Landlord-Tenant—Rent Overcharges—Owner Improperly Took Apartment Out of Rent Stabilization—Landlord Failed to Prove That It Spent $31,000 on Individual Apartment Improvements—Tenant Awarded Treble Damages Plus Attorney Fees
A tenant sought a rent-stabilized lease, recovery of rent overcharges, treble damages and legal fees. The landlord had registered the apartment as “exempt from rent stabilization on grounds of 'high rent vacancy' and 'improvements' with a legal regulated rent of $2,000.00 or more.” The landlord claimed that the apartment had been properly deregulated because the landlord spent $31,586.13 on individual apartment improvements (IAIs) to raise the monthly rent from $1,222.68 in 2002 to more than $2,000. The tenant claimed that the rent increases were improper because the landlord had not spent the monies claimed on IAIs or that the funds had been spent on “duplicative improvements.”
The court explained that “[d]efendants are entitled to a rent increase equal to 1/40th of the total cost of any qualifying improvements made or new furnishings installed in (the apartment).” N.Y.C. Admin. Code §26-511(c)(3); 9 N.Y.C.C.R.R. §2522.4(A)(1). Defendants are not entitled, however, to an increase for any improvements or replacements to furnishings and equipment that have yet to exceed their useful life. N.Y.C. Admin. Code §26-511(c)(3); N.Y.C.R.R. §2522.4(A) (11). Nor are defendants entitled to an increase for any work constituting repair or regular maintenance of the apartment…. Defendants must substantiate the IAI with documentation demonstrating what work actually was performed and the amounts spent, … but need not present an item-by-item breakdown of the cost of each improvement.”
Following a trial, the court held that a landlord contractor “failed to substantiate” a bill for $18,996 in general contracting work in plaintiff's apartment.” A plumbing bill for $8,950.13 was also unsubstantiated. The landlord's contractor witness had not personally performed the work on the apartment, had not personally observed any of the alleged installation of concrete flooring, had made no final job inspection and had taken no pictures of the work during its progress. Additionally, the landlord's contractor had been convicted under a RICO statute for a “commercial bribery” felony. The court stated that the landlord's contractor's testimony essentially was based on “nothing more than, at best, his presumption that the work was done because he billed for it.”
The tenant's expert witness testified that the value of the alleged renovations were significantly less than the landlord had claimed and many of the alleged renovations had either not been performed as represented or were “not done at all.”
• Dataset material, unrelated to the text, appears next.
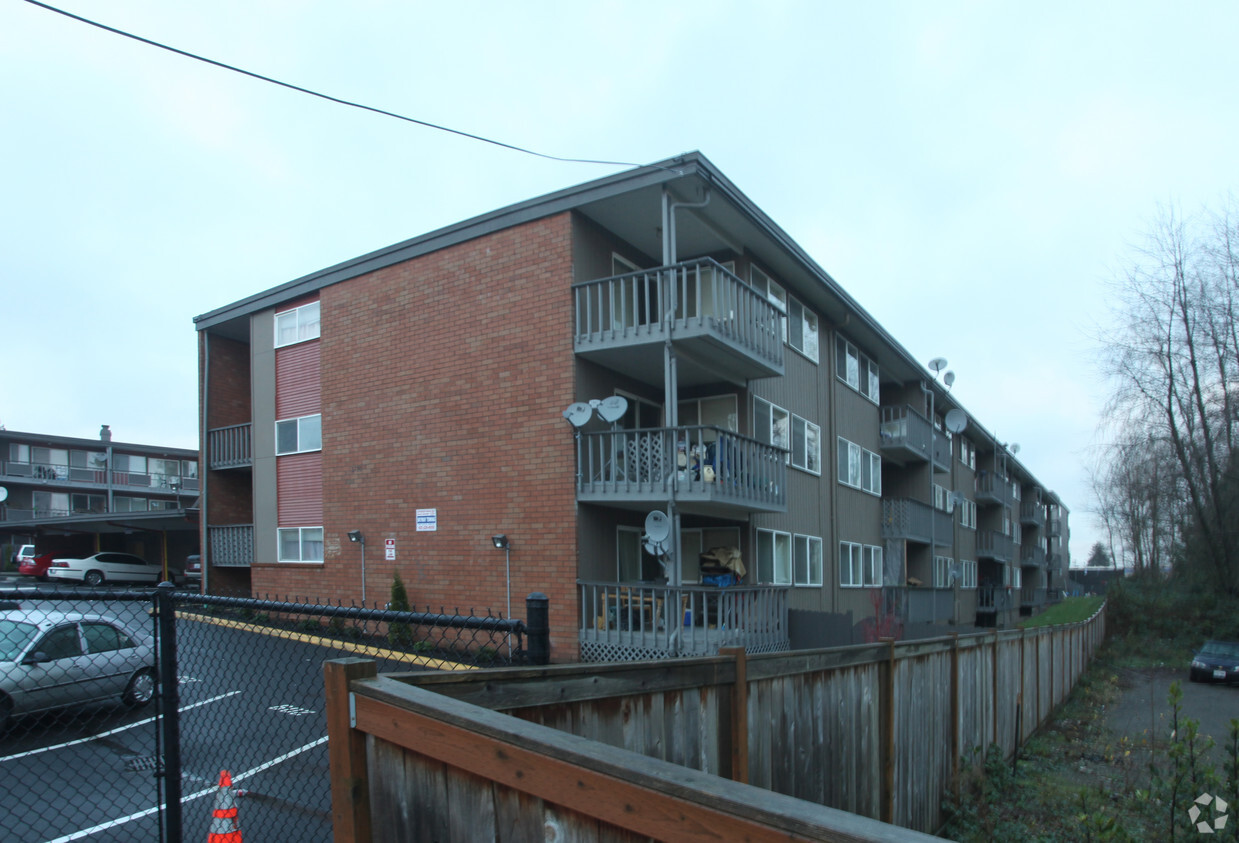 Building Photo - Edgewood Apartments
The court explained that the landlord had the burden in the residential overcharge proceeding to prove the claimed improvements and that in this case, the landlord had failed to meet that burden. The tenant's expert had not done “invasive tests” on walls and floors. However, he asserted that based on his expertise and knowledge, as well as “readily observable results,” invasive testing was not necessary.
The landlord had also failed to introduce evidence that the IAI work claimed in 2002 did not “duplicate” IAI work that had been done in 1994 and 1997 as noted on a DHCR rent history or that work in 1994 and 1997 “of unknown nature outlasted its useful life.”
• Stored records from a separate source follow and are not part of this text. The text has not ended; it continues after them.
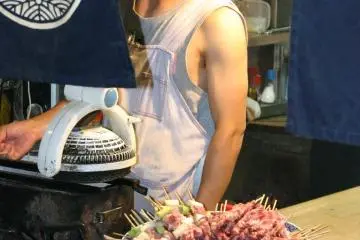 Yakitori menunggu untuk dipanggang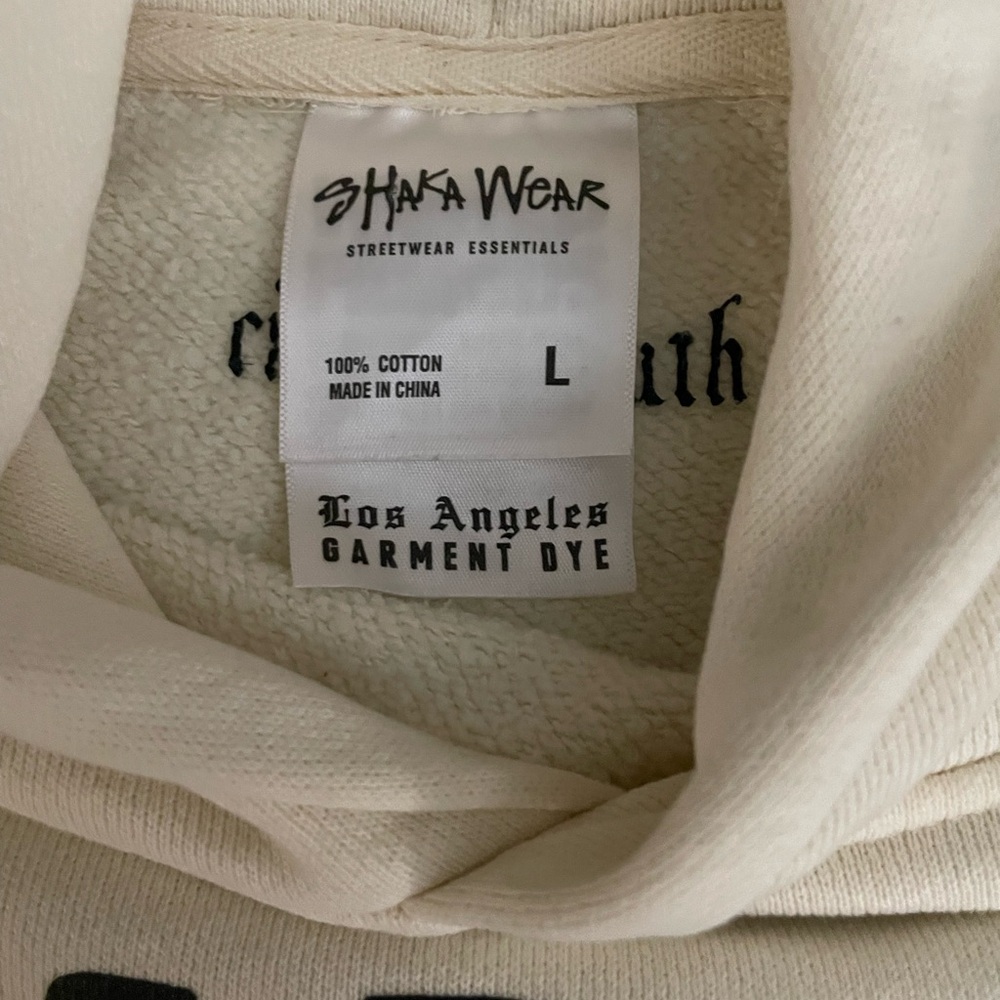 Shaka Wear Cream Hoodie with Black “HEAVENS” lettering John 18:36 Christmas - Picture 5 of 6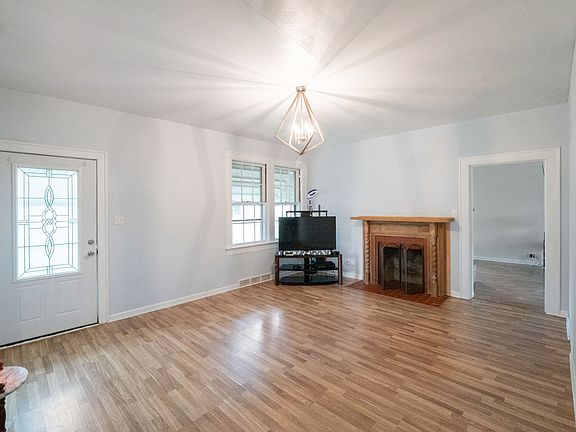 4th image of 2301 S Virginia St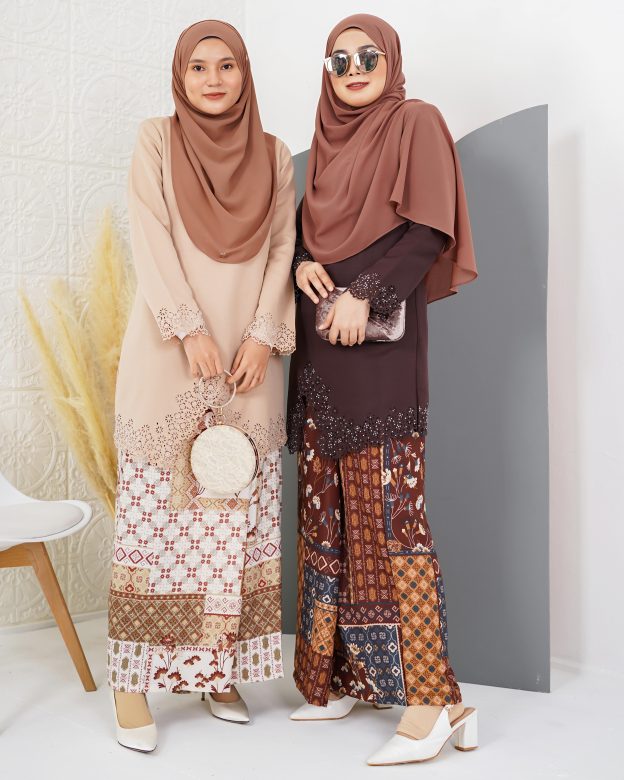 Baju Kebarung Lasercut Azeera - Wood Brown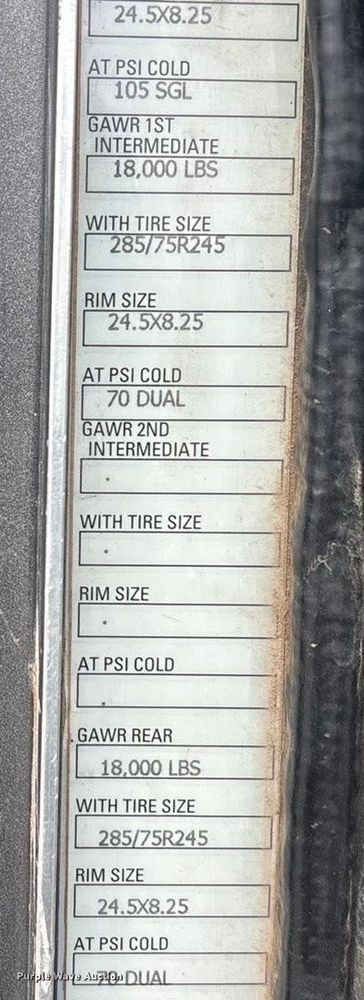 image for item EA7855 2005 Kenworth W900 semi truck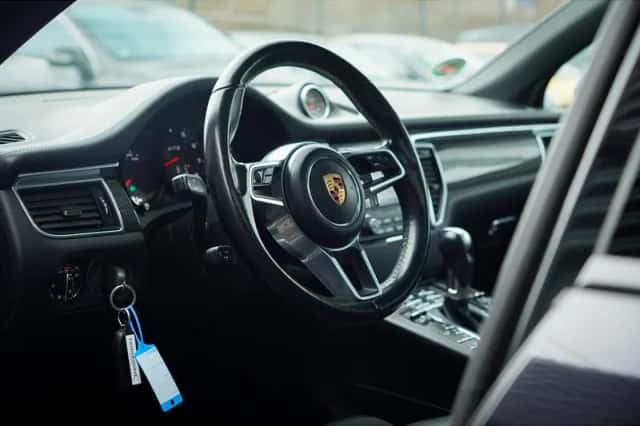 Porsche Macan (2018) thumbnail 6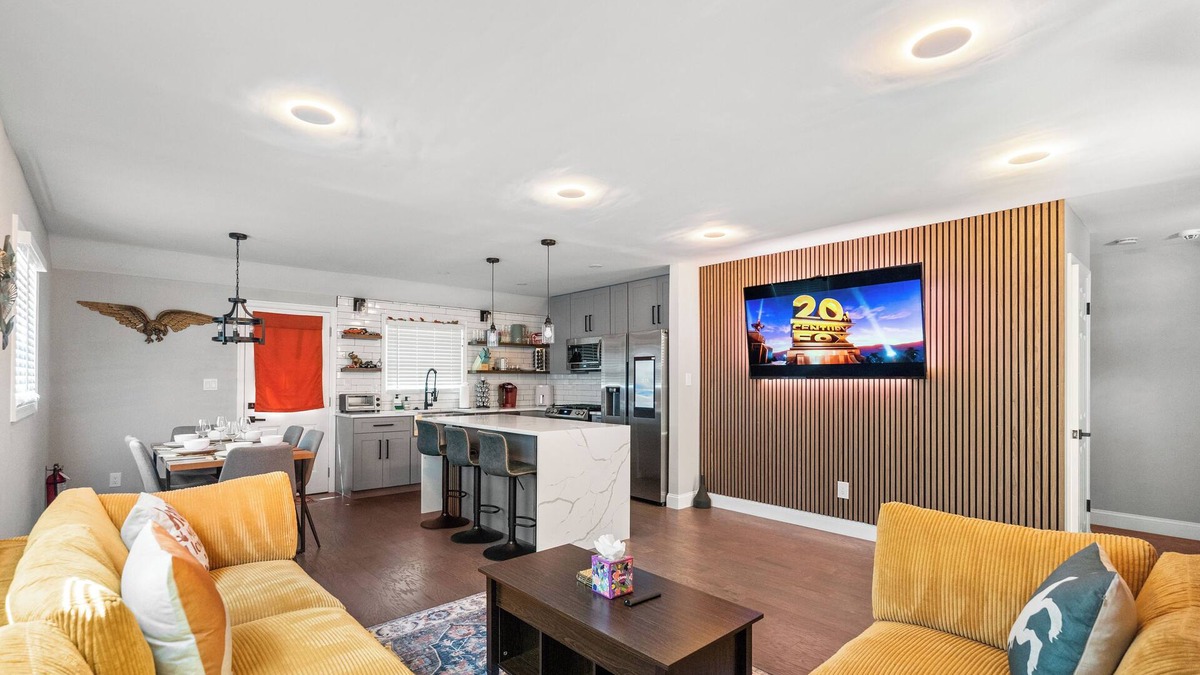 Oxon Hill Bed & Breakfast | Luxurious - MGM - 10 miles to national Mall!nn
Since the landlord failed to substantiate that its contractor had actually done $18,996 worth of work in the apartment or that work was not duplicative of prior IAIs and the landlord had failed to substantiate that its plumbing and electrical work also qualified as IAIs, the court held that the landlord had illegally removed the apartment from rent stabilization and the tenant was entitled to a stabilized lease and damages.
The court further explained that treble damages should be imposed if the overcharges were willful and that overcharges are “presumed willful.” Here, the landlord failed to rebut the presumption that the charges were willful. The court calculated the rent overcharges and trebled that amount, resulting in an overcharge damage award of $818,165.64. The court also awarded the tenant legal fees.
Rossman v. Windermere Owners LLC, Supreme Court, New York Co., Case No. 108350/2011, decided Jan. 4, 2019, Nervo, J.
Landlord-Tenant—Landlord Held in Civil Contempt—$1,400 Sanction Imposed
A tenant moved to hold a landlord in contempt for failure to comply with a default order which required repairs in the tenant's premises. The court had ordered a schedule for repairs and access and had also ordered that the tenant “complete a judicial inspection request so that a report as to compliance would be available on December 10, 2018.”
The court's prior order required that the landlord “abate the conditions in an inspection report generated by the New York City Department of Housing Preservation and Development (HPD) on February 15,2018.” The report cited 89 violations, including 4 “C” violations for the absence of “gas and heat in the premises.”
The tenant had testified that she lived in the premises for approximately eight years and that her cooking gas “had been interrupted since December 2017.” She testified that the interruption required that she and her adult son “eat most of their meals outside of the home or they were reduced to canned foods that could warmed through non-gas reliant appliances.” The tenant asserted that she had to spend $350 per month for more food than she would have had to spend had she been provided with cooking gas. The premises also lacked a working “smoke or CO2 detector and there are several leaks in the home.”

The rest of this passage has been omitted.